Witold Pustułka , (tm)
Tak zaczynała się koalicja – od podpisania paktu stabilizacyjnego w lutym tego roku.  Fot. D. Golik/Fotorzepa
Tak zaczynała się koalicja – od podpisania paktu stabilizacyjnego w lutym tego roku. Fot. D. Golik/Fotorzepa
Lada chwila w polskiej polityce może dojść do kolejnego przesilenia. Premier Jarosław Kaczyński oraz Prawo i Sprawiedliwość mają już bowiem dość współpracy z Ligą Polskich Rodzin i Samoobroną, które kolejnymi aferami ...
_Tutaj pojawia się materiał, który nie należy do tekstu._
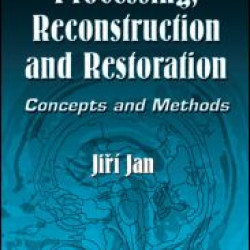 Medical Image Processing, Reconstruction and Restoration Medical Image Processing, Reconstruction and Restoration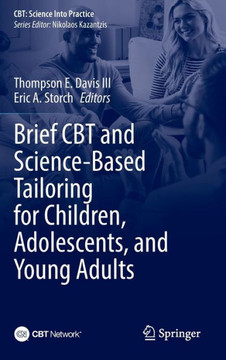 Brief CBT and Science-Based Tailoring for Children, Adolescents, and Young Adults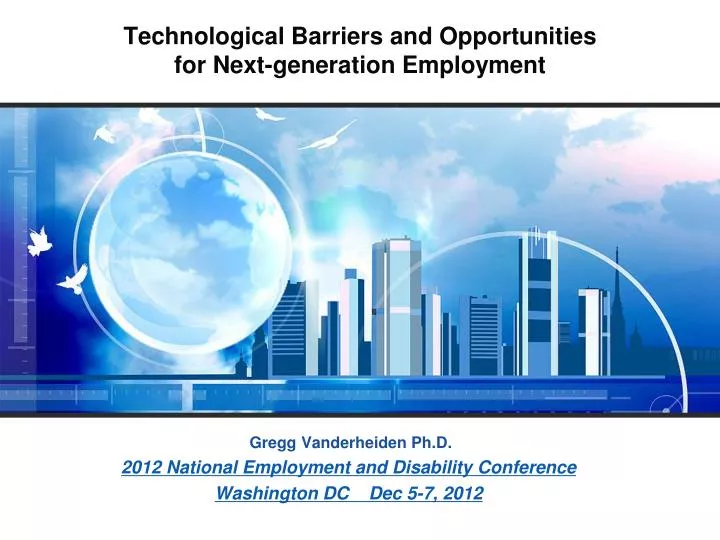 technological barriers and opportunities for next generation employment
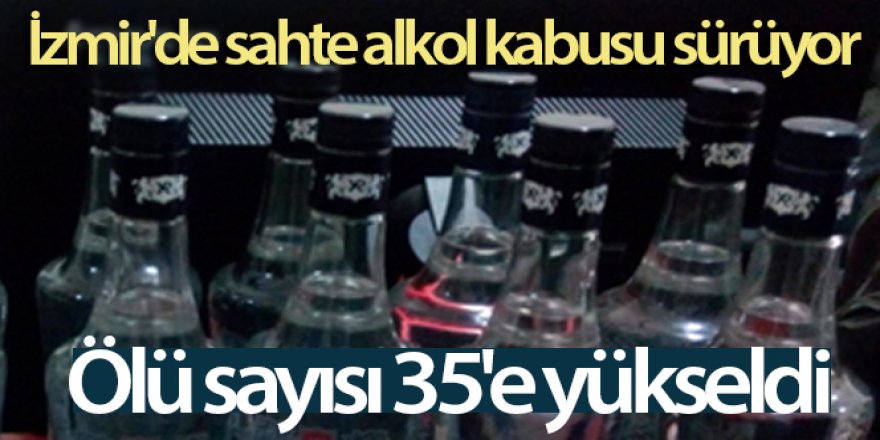 İzmir'de sahte alkol kabusu sürüyor: Ölü sayısı 35'e yükseldi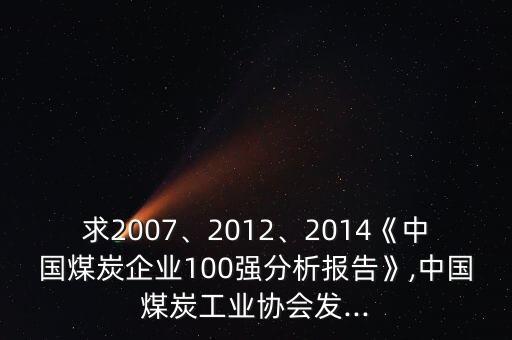 求2007、2012、2014《中國煤炭企業(yè)100強(qiáng)分析報(bào)告》,中國煤炭工業(yè)協(xié)會(huì)發(fā)...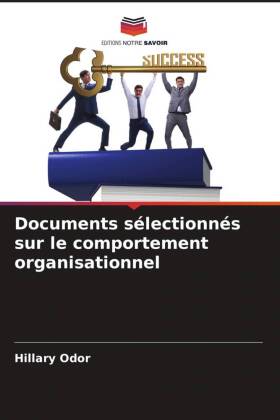 Documents sélectionnés sur le comportement organisationnel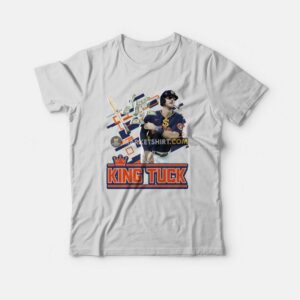 Kyle Tucker King Tuck T Shirt 3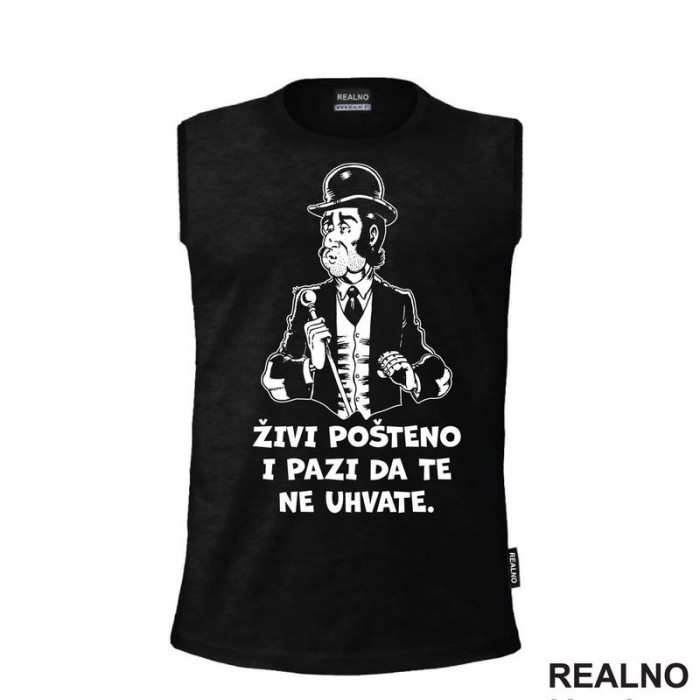 Živi Pošteno I Pazi Da Te Ne Uhvate - Sir Oliver - Alan Ford - Majica Živi Pošteno I Pazi Da Te Ne Uhvate - Sir Oliver - Alan Ford - Majica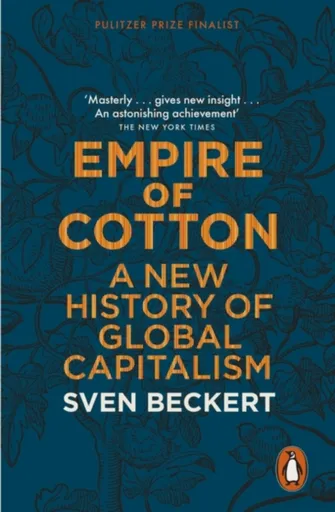 Empire of Cotton - Sven Beckert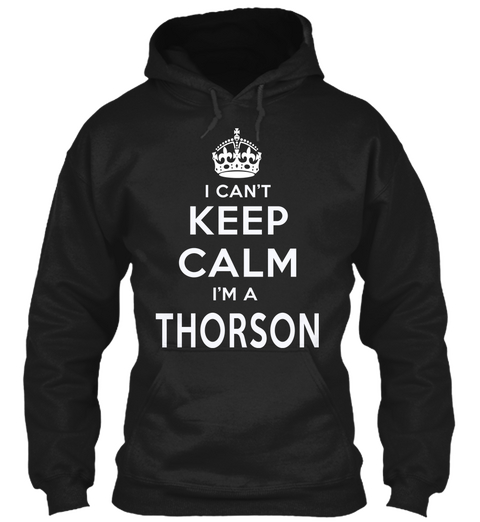 I Can't Keep Calm I'm A Thorson Black Kaos Front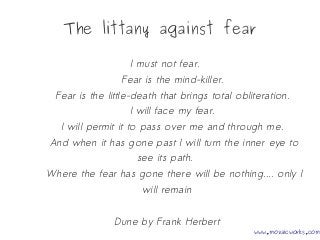 The littany against fear
I must not fear.
Fear is the mind-killer.
Fear is the little-death that brings total obliteration.
I will face my fear.
I will permit it to pass over me and through me.
And when it has gone past I will turn the inner eye to
see its path.
Where the fear has gone there will be nothing.... only I
will remain
Dune by Frank Herbert
www.mozaicworks.com
 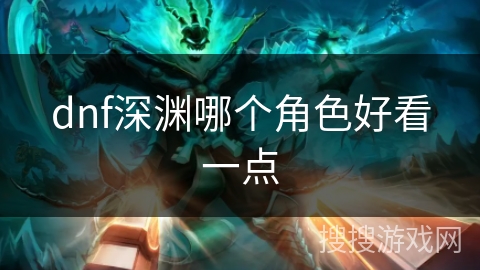 dnf深渊哪个角色好看一点 dnf深渊哪个角色好看一点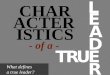 CHARACTERISTICS OF A TRUE LEADER
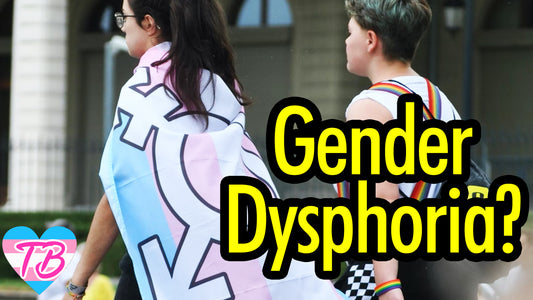 What is Gender Dysphoria? | MtF Trans Women Guide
Lada chwila w polskiej polityce może dojść do kolejnego przesilenia. Premier Jarosław Kaczyński oraz Prawo i Sprawiedliwość mają już bowiem dość współpracy z Ligą Polskich Rodzin i Samoobroną, które kolejnymi aferami kompromitują koalicję. W tej sytuacji PiS ma nadzieję, że uda mu się przekonać Jana Rokitę, aby z grupą 30-40 posłów wyszedł z Platformy i wsparł rząd Kaczyńskiego. Kolejnym filarem ewentualnej nowej koalicji może być PSL.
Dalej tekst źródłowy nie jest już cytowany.